The data below should be restated word for word, with every picture omitted.

▸ INFORMATION SUPPLIED:
# # # # # # #

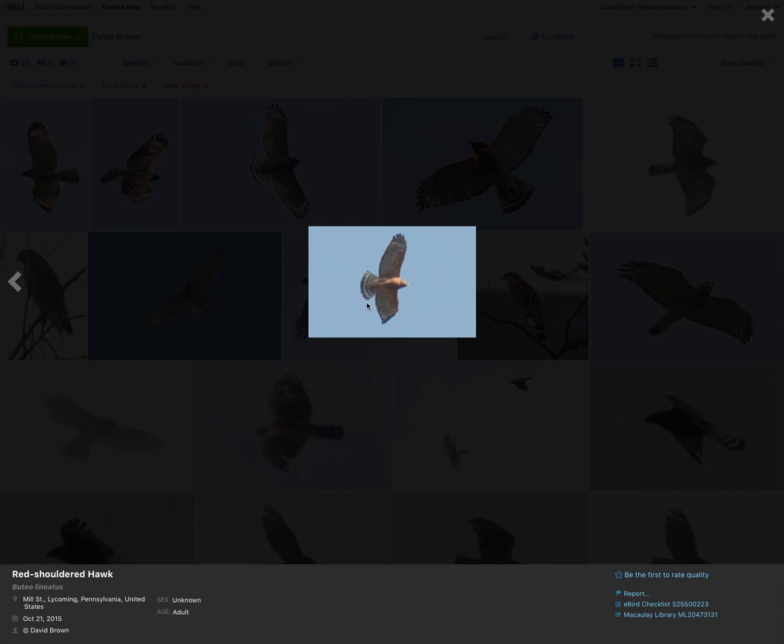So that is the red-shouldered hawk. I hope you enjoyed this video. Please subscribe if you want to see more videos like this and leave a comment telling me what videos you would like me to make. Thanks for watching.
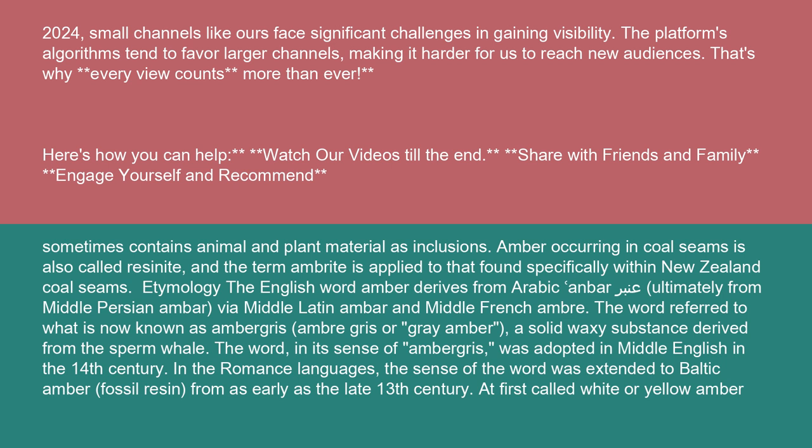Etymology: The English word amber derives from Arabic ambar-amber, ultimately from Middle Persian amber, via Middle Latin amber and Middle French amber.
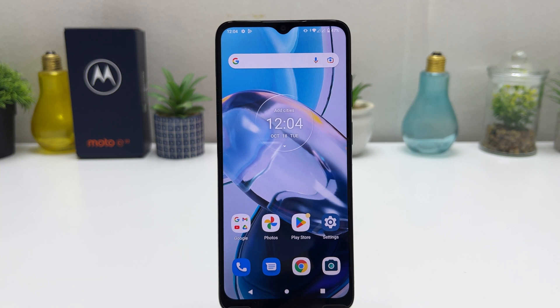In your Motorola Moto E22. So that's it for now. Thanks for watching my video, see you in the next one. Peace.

# # # # # # #

▸ EXERCISE SOLUTION:
So that is the red-shouldered hawk. I hope you enjoyed this video. Please subscribe if you want to see more videos like this and leave a comment telling me what videos you would like me to make. Thanks for watching.
Etymology: The English word amber derives from Arabic ambar-amber, ultimately from Middle Persian amber, via Middle Latin amber and Middle French amber.
In your Motorola Moto E22. So that's it for now. Thanks for watching my video, see you in the next one. Peace.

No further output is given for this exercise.